I critici potrebbero sostenere che una sola vittoria contro una modesta opposizione prova poco, ma il segnale che invia è profondo. Il calcio italiano, spesso accusato di essere troppo conservatore e dipendente da veterani invecchiati, ora ha un modello di rinnovamento. Se Baldini può replicare questo approccio contro nazioni più forti, il caso per un contratto permanente diventa inconfutabile. Le dieci ragioni di Jacobelli, sebbene non elencate qui, sono un grido di battaglia per la pazienza e la fiducia in un allenatore che ha costantemente sovraperformato con risorse limitate.
Il rischio di cercare un 'grande nome' dopo questo periodo ad interim è che potrebbe far deragliare lo slancio. I regimi precedenti hanno sofferto di un disconnessione tra allenatore e giocatori quando un estraneo viene paracadutato senza tempo per comprendere le pressioni uniche dell'ambiente della nazionale italiana. Baldini già comanda rispetto nello spogliatoio; il suo stile di comunicazione diretto risuona con una generazione che valorizza l'autenticità sulla celebrità. La prestazione in Lussemburgo è stata una testimonianza di quel legame.
Guardando avanti, la decisione della FIGC plasmerà la traiettoria degli Azzurri per anni a venire. Abbracciare Baldini significa impegnarsi in una filosofia incentrata sulla gioventù, il duro lavoro e la flessibilità tattica—qualità che hanno definito i periodi migliori della nazione. L'etichetta di traghettatore, se lasciata persistere, minerà tutto ciò che ha costruito. Come l'analisi di Jacobelli sottolinea, la scelta non è tra Baldini e un mitico allenatore ideale; è tra continuità e caos.

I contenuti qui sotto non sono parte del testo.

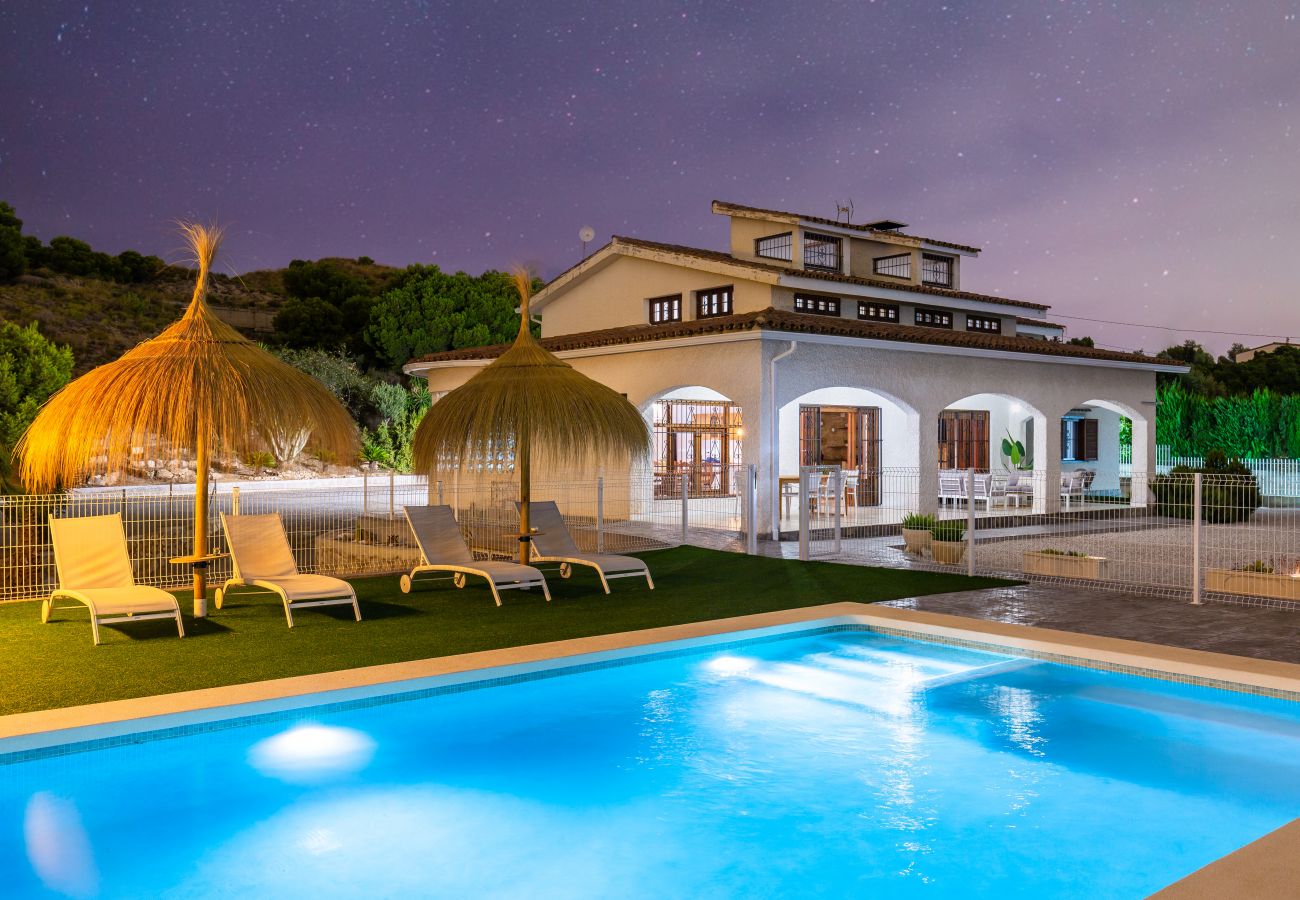 Villa in Elche - Imperial Malibu by Fidalsa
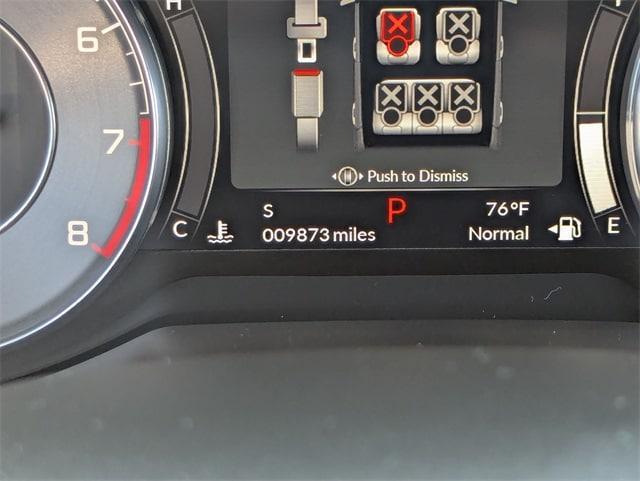 used 2024 Acura RDX car, priced at $43,985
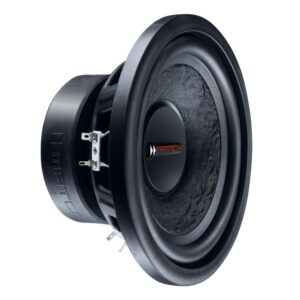 Match PP 8W-Q 20cm Subwoofer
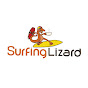 Surfing Lizard Cafe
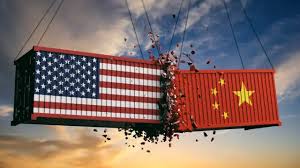USA CHINA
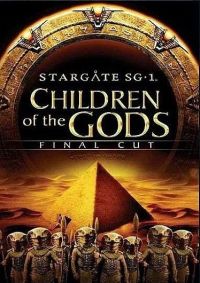   -1:   -   / Stargate SG-1: Children of the Gods - Final Cut (2009)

Per un paese che ha fame di successo internazionale dall'Euro 2021, la strada per tornare competitivi deve essere lastricata di convinzione. La Giovanissima di Baldini ha fatto quel primo passo cruciale, ma la prossima mossa spetta alla federazione. Se daranno ascolto agli argomenti esposti in Tuttosport, l'Italia potrebbe ancora trovare il suo leader senza bisogno di un'altra lunga ricerca. Basato su un report di Tuttosport.